Reinaldo Ortuno, Médecins Sans Frontières’ head of mission in Harare, told The BMJ, “The number of tests outside Harare and Bulawayo is close to zero. [The authorities] are trying their best to improve the health system [and] to set up isolation facilities—they’re doing the piping for oxygen, getting the supplies. But it’s taking time.”

Several health clinics outside main urban centres have had to close after infections were reported there. The most recently reported case was that of Chikonohono Clinic in Chinhoyi, northwest of Harare, on 15 August.

Staff strikes at hospitals that remain open also mean limited capacity to care for patients.
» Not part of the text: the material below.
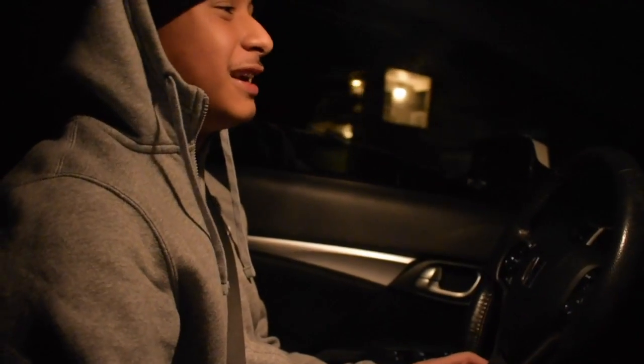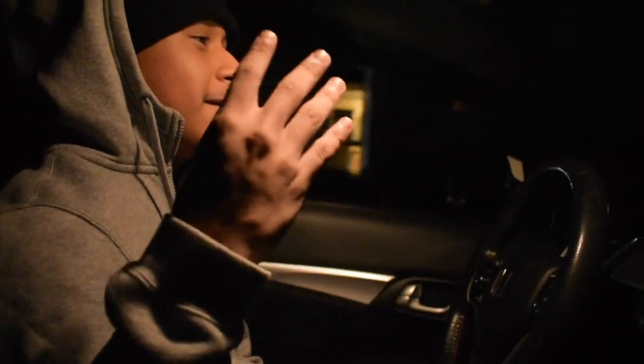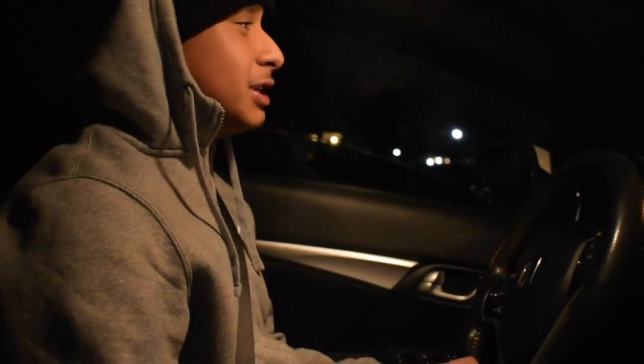It is a 2013 Honda Civic SI sedan, four-door, obviously. It's white, obviously. It's a manual transmission, obviously — six-speed. So far, what I've done to the car, it's pretty much dead stock.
Ferrand’s 300 bed unit in Harare currently holds only 30 patients, partly because only limited numbers of patients are being referred.

The health workers’ strike, which started in June over insufficient provision of personal protective equipment (PPE) and low salaries has reduced capacity further (nurses earn the equivalent of US$30 (£22.70; €25.10) a month, doctors US$115).

Aaron Musara, secretary general of the Zimbabwe Senior Hospital Doctors Association, believes that more clinical staff would have been infected if the nurses had not been on strike. “The government is not taking the issue of PPE seriously,” he said.

Ortuno said that infections could rise, warning that “perhaps in October and November we will have a surge.”

But hospitals may still not be ready to handle any increase in cases, said Ndhlovu, who also chairs the National Medicine and Therapeutics Policy Advisory Committee. “We have tried to make sure that we get the isolation and treatment centres ready to receive patients,” she said, “but if we don’t have the healthcare workers, at a minimum, to take care of these patients, we are going to struggle.”